The unemployment rate has tripled to 23.8% since the lockdown started on March 25, according to the Centre for Monitoring Indian Economy, a Mumbai-based research firm.
The Indian economy was now forecast to expand 1.5% in the fiscal year ending on March 31, 2021 – the weakest since 1991 and significantly lower than 3.6% predicted in late March. It probably grew 4.6% in the fiscal year that just ended.
Under a worst-case scenario, the median showed the economy shrinking 1.0% this fiscal year. That would be the first officially reported economic contraction for a 12-month period since GDP was reported to have contracted for calendar year 1979.

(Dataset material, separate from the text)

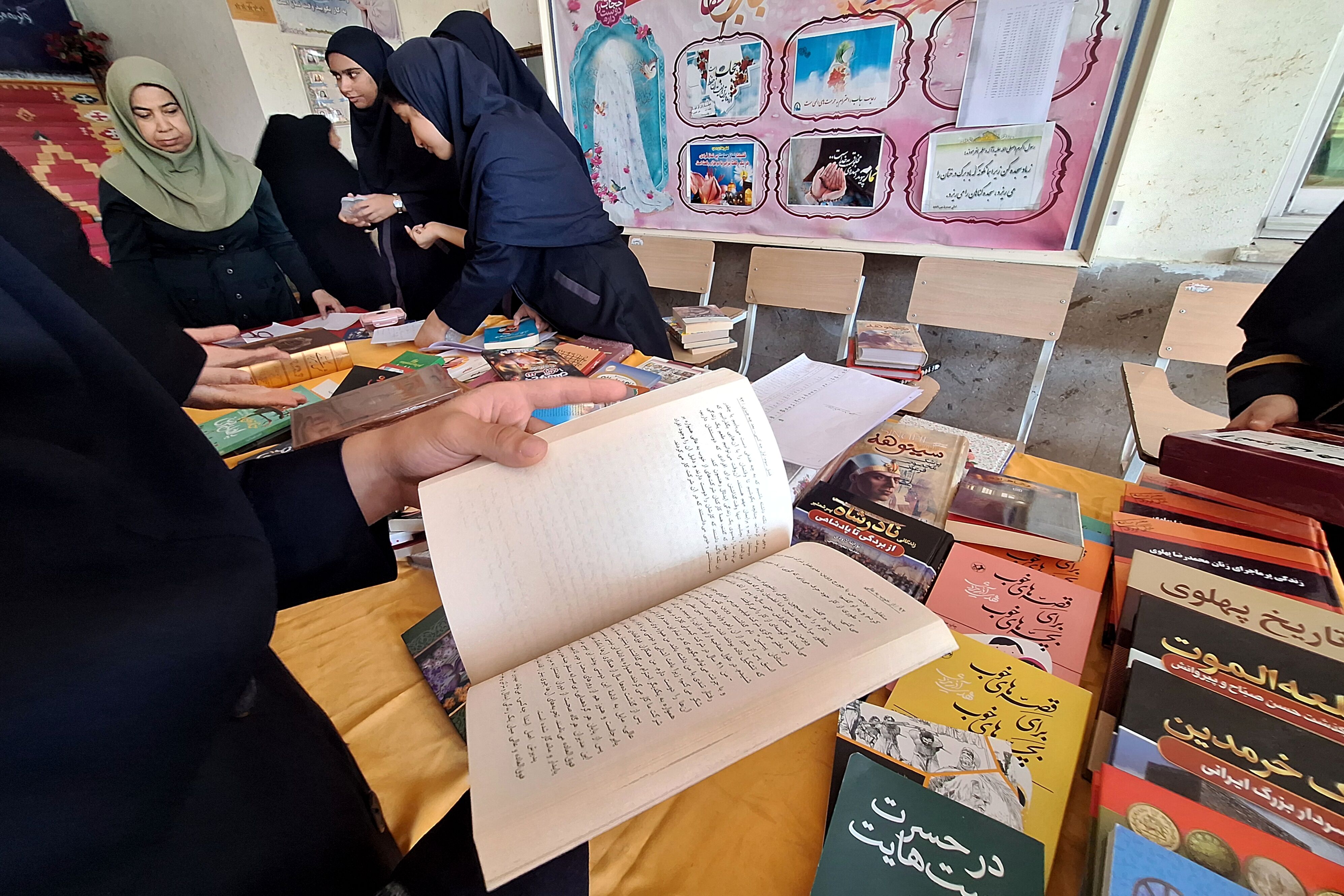 نمایشگاه کوچک کتاب در مدرسه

“Unless fiscal policy is also loosened aggressively alongside monetary policy, there is a big risk the drastic economic slowdown currently underway morphs into an annual contraction in output and that the recovery is hampered,” said Shilan Shah, senior India economist at Capital Economics.
All 37 economists who answered a separate question unanimously said the RBI would follow up with more easing, including lowering the repo and reverse repo rates and expanding the new long-term loans programme.
The RBI was expected to cut its repo rate by another 40 basis points to 4.00% by the end of this quarter. Already lowered twice over the past month by a cumulative 115 basis points, the reverse repo rate was forecast to be trimmed by another 25 points by end-June to 3.50%.
Source: Reuters
Posted in 5, according, after, again, announced, annual pace, another, any, Asia economist, basis points, began, Bengaluru, bringing, Business, but, calculation, Capital Economics, consider, contraction, coronavirus, coronavirus impact, COVID-19, cushion, cut, decades, deposit, died, disrupted, downside, ease, economic stimulus, Economists, economy, emergency, ending, ends, enough, even with, expanded, EXPECTATIONS, expected, extended, fall, figures, first, Fiscal policy, GDP, globally, gradual, Gross domestic product, growth, halt, Household, imposed, India economist, Indian economy, Indian governments, infected, initial, June, last few, last month, last quarter, last week, liquidity, lockdown, lockdowns, Locked-down, long term, lowering, main policy\, March, May, measures, meeting, mid-1990s, mild, million, months, more than, Official, once, ongoing, Only one, operations, outright, pandemic, People, position, predicted, provided, published, quarter, quarterly, rate, Recession, recovery, reducing, repo, reporting, Reserve Bank of India, respectively, respondents, Reuters Poll, Risk, round, rupees, sample, shrink, since, smaller, speedy, spending package, spread, stem, strong, suffer, supply chains, targeted, this year, Three, trillion, Uncategorized, under, Until, view, weaker, worldwide, worst, worst case, year-on-year |
Leave a Comment »
22/04/2020
SEOUL/BEIJING (Reuters) – China has allowed 200 employees from South Korea’s Samsung Electronics Co Ltd (005930.KS) to enter the country to work on an expansion of the firm’s NAND memory chip factory, the company said on Wednesday.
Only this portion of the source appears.